+++ Dataset extract

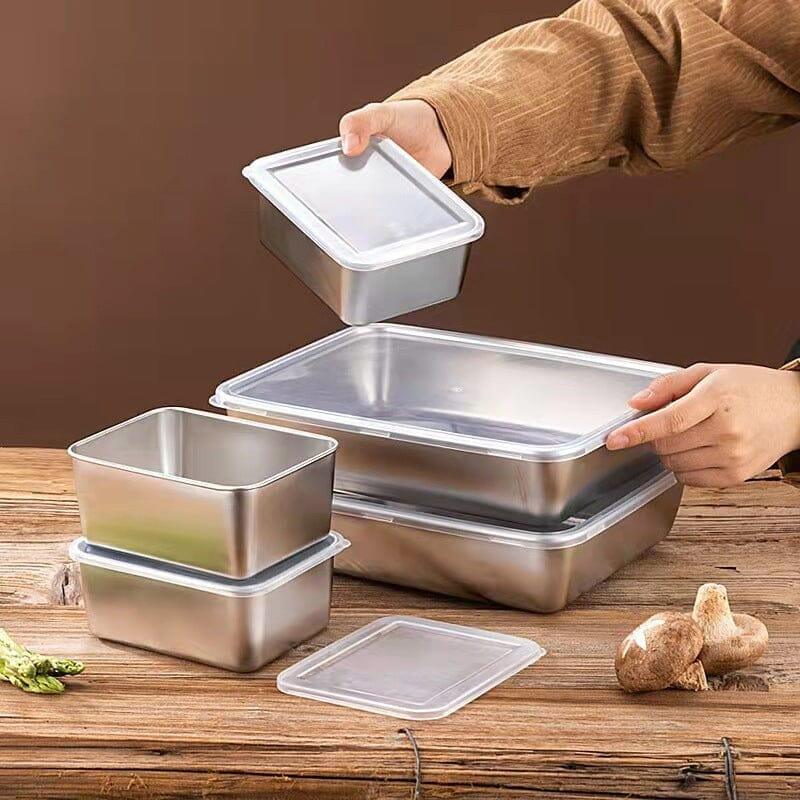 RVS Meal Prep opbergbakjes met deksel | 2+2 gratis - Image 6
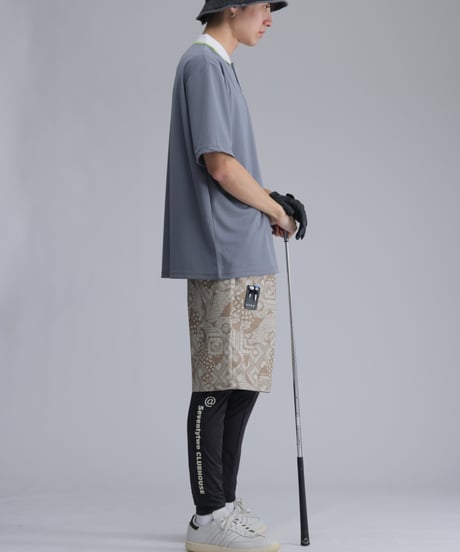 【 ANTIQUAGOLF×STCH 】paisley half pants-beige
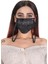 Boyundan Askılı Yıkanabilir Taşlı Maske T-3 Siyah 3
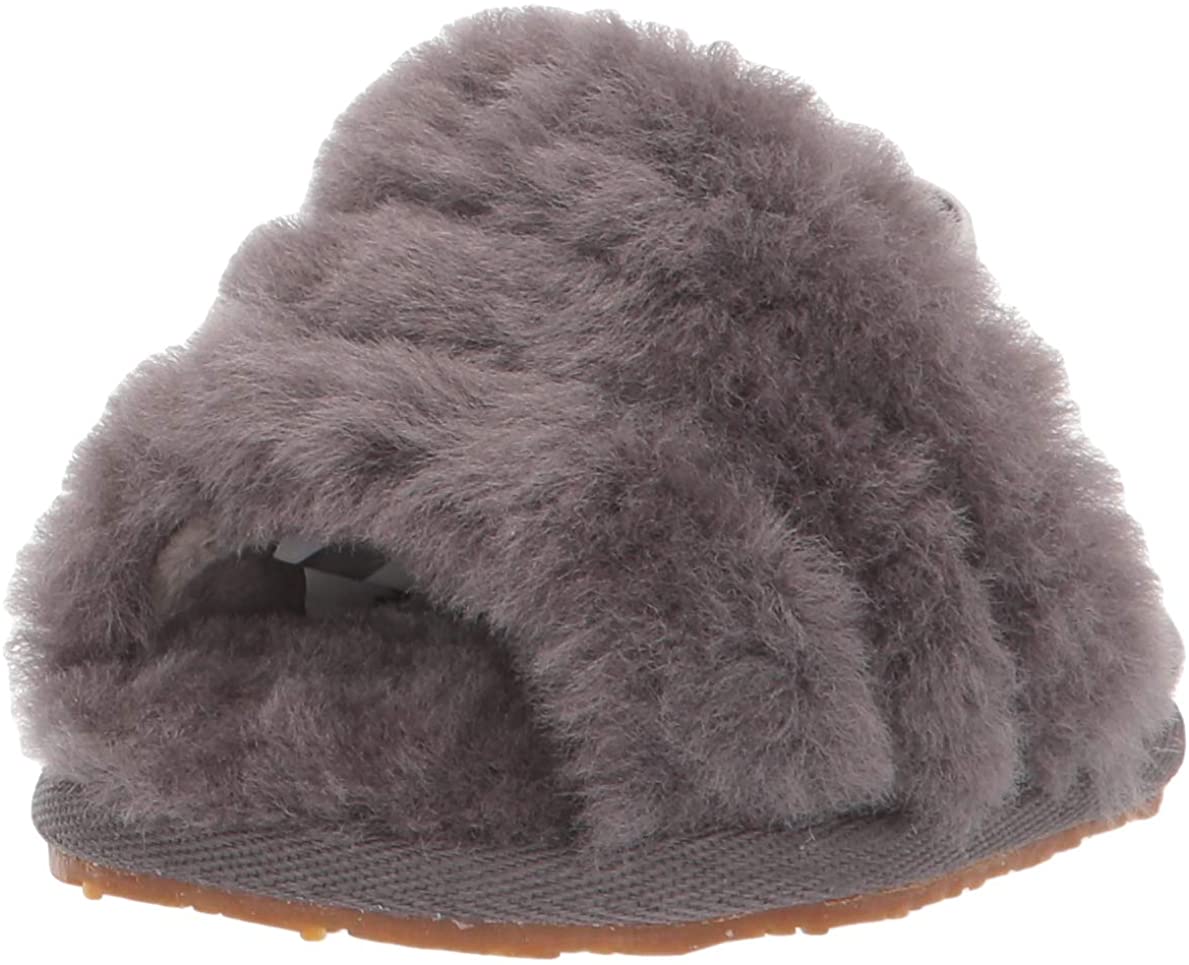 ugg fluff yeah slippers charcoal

++++++
+++ Dataset extract

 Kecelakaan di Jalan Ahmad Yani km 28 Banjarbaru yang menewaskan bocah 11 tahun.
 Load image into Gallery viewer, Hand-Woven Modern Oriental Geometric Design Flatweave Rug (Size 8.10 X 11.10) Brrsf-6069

++++++
+++ Dataset extract

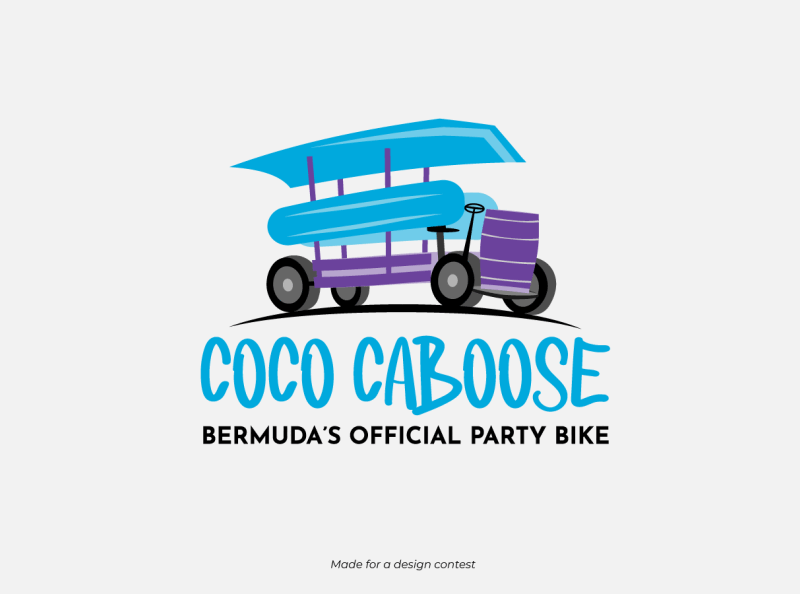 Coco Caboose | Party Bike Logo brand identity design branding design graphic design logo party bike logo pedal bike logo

++++++

- **Exercise instructions**
Would you print exactly the lines in the listing above, from the line bearing "RVS Meal Prep" through the line bearing "ugg fluff yeah slippers charcoal", leaving out all pictures?

- **Solved exercise**
 RVS Meal Prep opbergbakjes met deksel | 2+2 gratis - Image 6
 【 ANTIQUAGOLF×STCH 】paisley half pants-beige
 Boyundan Askılı Yıkanabilir Taşlı Maske T-3 Siyah 3
 ugg fluff yeah slippers charcoal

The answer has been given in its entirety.